RapidMiner Radoop Basics

After installing the RapidMiner Radoop extension, you can see the Hadoop Data view:

The Hadoop Data view is a powerful tool for managing your data on the Hadoop cluster. Later in these pages, it is discussed in detail.

This section describes the main concepts required to design processes that run on your Hadoop cluster. Since Apache Hive is part of the solution, these explanations often refer to basic Hive concepts like tables or columns. If you are unfamiliar with Hive, think of it as a (distributed) relational database or data warehouse infrastructure over Hadoop. It understands SQL and translates input to distributed jobs.

Understanding the Radoop Nest operator

Radoop Nest is the most important building block in RapidMiner Radoop. Every process must contain at least one Radoop Nest (meta) operator; it specifies the connection to the Hadoop cluster.

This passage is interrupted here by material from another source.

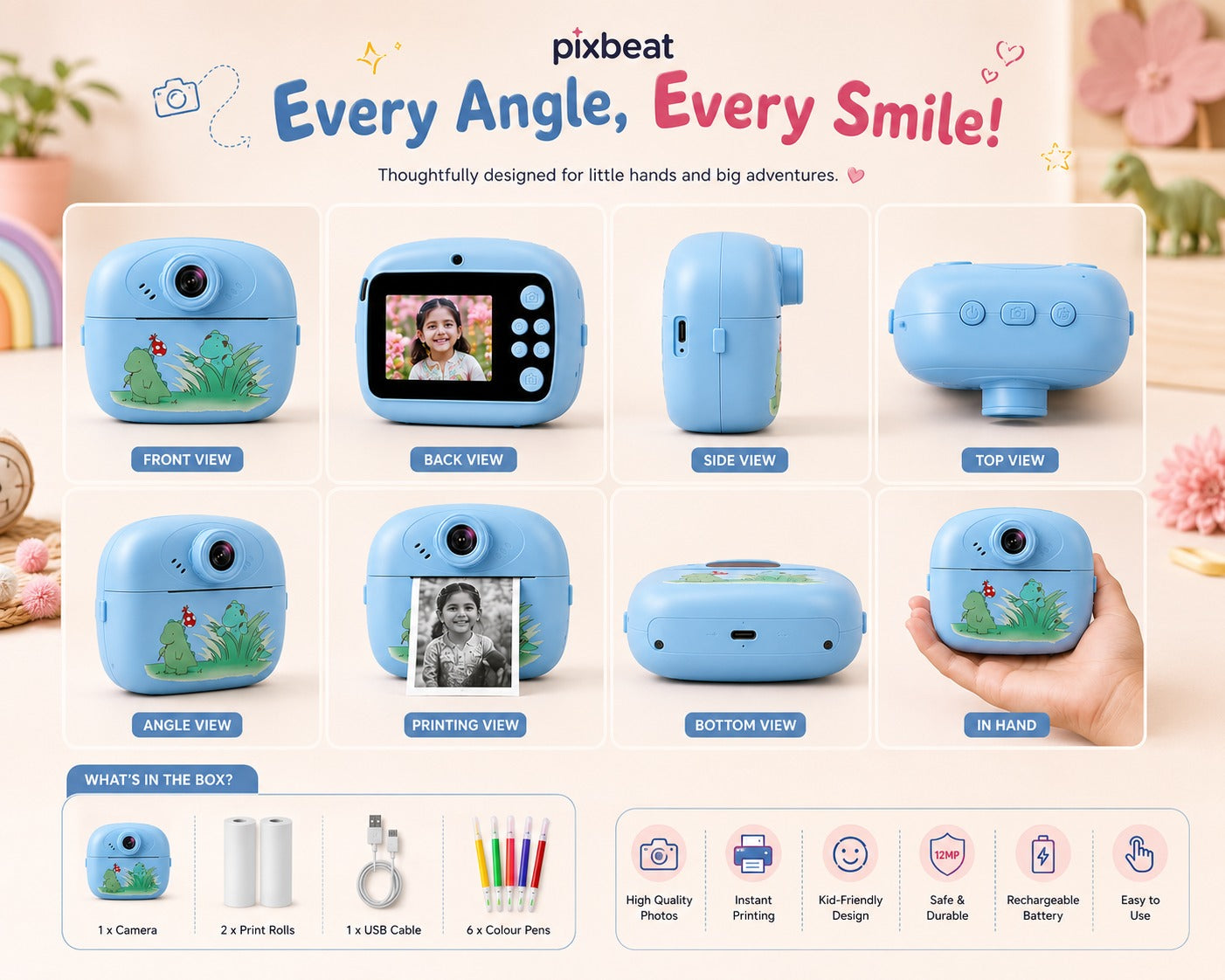 PixBeat SnapPrint kids camera all angles and what is in the box - camera, print rolls, USB cable, colour pens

Any subprocess of Radoop operators put inside the Radoop Nest describes the process that runs on that Hadoop cluster; all content outside the nest (processed by RapidMiner Studio operators) is processed in memory. When you design a process, you will not notice any difference between these two sets of operators in their basic structure — inputs, outputs, and parameters. Most Radoop operators have a RapidMiner Studio counterpart. The main difference between the two is that the Radoop operators have a minimal memory footprint and always keep and process data on the cluster.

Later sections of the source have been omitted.